_What this task involves_
Write the data out again so that it matches word for word.

_Short descriptive text snippets_
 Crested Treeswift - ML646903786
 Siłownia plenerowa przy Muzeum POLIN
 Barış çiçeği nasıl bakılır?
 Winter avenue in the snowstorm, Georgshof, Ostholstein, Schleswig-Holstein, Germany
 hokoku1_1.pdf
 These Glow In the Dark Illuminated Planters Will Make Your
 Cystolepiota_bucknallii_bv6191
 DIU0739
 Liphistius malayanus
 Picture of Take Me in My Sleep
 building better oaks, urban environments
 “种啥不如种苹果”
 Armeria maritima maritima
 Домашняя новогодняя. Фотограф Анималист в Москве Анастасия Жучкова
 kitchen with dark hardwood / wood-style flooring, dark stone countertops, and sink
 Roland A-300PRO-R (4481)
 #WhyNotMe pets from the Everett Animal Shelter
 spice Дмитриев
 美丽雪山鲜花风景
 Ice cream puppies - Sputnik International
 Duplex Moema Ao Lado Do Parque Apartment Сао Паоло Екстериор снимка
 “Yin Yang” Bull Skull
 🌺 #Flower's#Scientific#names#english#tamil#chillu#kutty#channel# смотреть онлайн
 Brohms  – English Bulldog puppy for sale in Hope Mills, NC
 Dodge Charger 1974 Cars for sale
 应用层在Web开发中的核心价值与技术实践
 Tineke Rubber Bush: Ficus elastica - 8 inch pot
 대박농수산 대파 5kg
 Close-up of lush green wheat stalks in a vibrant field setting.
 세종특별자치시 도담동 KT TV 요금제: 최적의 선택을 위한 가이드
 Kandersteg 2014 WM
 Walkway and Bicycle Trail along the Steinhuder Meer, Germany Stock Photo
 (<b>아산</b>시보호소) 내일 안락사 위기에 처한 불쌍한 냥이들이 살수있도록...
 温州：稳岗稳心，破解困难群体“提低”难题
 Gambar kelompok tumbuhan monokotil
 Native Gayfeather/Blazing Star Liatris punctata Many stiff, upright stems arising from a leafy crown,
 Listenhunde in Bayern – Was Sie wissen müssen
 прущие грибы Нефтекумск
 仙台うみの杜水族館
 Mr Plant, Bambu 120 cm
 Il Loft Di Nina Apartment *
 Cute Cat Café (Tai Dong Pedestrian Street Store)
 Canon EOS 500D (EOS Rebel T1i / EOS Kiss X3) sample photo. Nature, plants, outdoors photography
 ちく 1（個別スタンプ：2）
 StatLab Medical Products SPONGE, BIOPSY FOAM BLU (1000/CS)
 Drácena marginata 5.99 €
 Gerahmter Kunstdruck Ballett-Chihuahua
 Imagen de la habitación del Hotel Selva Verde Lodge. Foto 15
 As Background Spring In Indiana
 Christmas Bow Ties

_Your response_
 Crested Treeswift - ML646903786
 Siłownia plenerowa przy Muzeum POLIN
 Barış çiçeği nasıl bakılır?
 Winter avenue in the snowstorm, Georgshof, Ostholstein, Schleswig-Holstein, Germany
 hokoku1_1.pdf
 These Glow In the Dark Illuminated Planters Will Make Your
 Cystolepiota_bucknallii_bv6191
 DIU0739
 Liphistius malayanus
 Picture of Take Me in My Sleep
 building better oaks, urban environments
 “种啥不如种苹果”
 Armeria maritima maritima
 Домашняя новогодняя. Фотограф Анималист в Москве Анастасия Жучкова
 kitchen with dark hardwood / wood-style flooring, dark stone countertops, and sink
 Roland A-300PRO-R (4481)
 #WhyNotMe pets from the Everett Animal Shelter
 spice Дмитриев
 美丽雪山鲜花风景
 Ice cream puppies - Sputnik International
 Duplex Moema Ao Lado Do Parque Apartment Сао Паоло Екстериор снимка
 “Yin Yang” Bull Skull
 🌺 #Flower's#Scientific#names#english#tamil#chillu#kutty#channel# смотреть онлайн
 Brohms  – English Bulldog puppy for sale in Hope Mills, NC
 Dodge Charger 1974 Cars for sale
 应用层在Web开发中的核心价值与技术实践
 Tineke Rubber Bush: Ficus elastica - 8 inch pot
 대박농수산 대파 5kg
 Close-up of lush green wheat stalks in a vibrant field setting.
 세종특별자치시 도담동 KT TV 요금제: 최적의 선택을 위한 가이드
 Kandersteg 2014 WM
 Walkway and Bicycle Trail along the Steinhuder Meer, Germany Stock Photo
 (<b>아산</b>시보호소) 내일 안락사 위기에 처한 불쌍한 냥이들이 살수있도록...
 温州：稳岗稳心，破解困难群体“提低”难题
 Gambar kelompok tumbuhan monokotil
 Native Gayfeather/Blazing Star Liatris punctata Many stiff, upright stems arising from a leafy crown,
 Listenhunde in Bayern – Was Sie wissen müssen
 прущие грибы Нефтекумск
 仙台うみの杜水族館
 Mr Plant, Bambu 120 cm
 Il Loft Di Nina Apartment *
 Cute Cat Café (Tai Dong Pedestrian Street Store)
 Canon EOS 500D (EOS Rebel T1i / EOS Kiss X3) sample photo. Nature, plants, outdoors photography
 ちく 1（個別スタンプ：2）
 StatLab Medical Products SPONGE, BIOPSY FOAM BLU (1000/CS)
 Drácena marginata 5.99 €
 Gerahmter Kunstdruck Ballett-Chihuahua
 Imagen de la habitación del Hotel Selva Verde Lodge. Foto 15
 As Background Spring In Indiana
 Christmas Bow Ties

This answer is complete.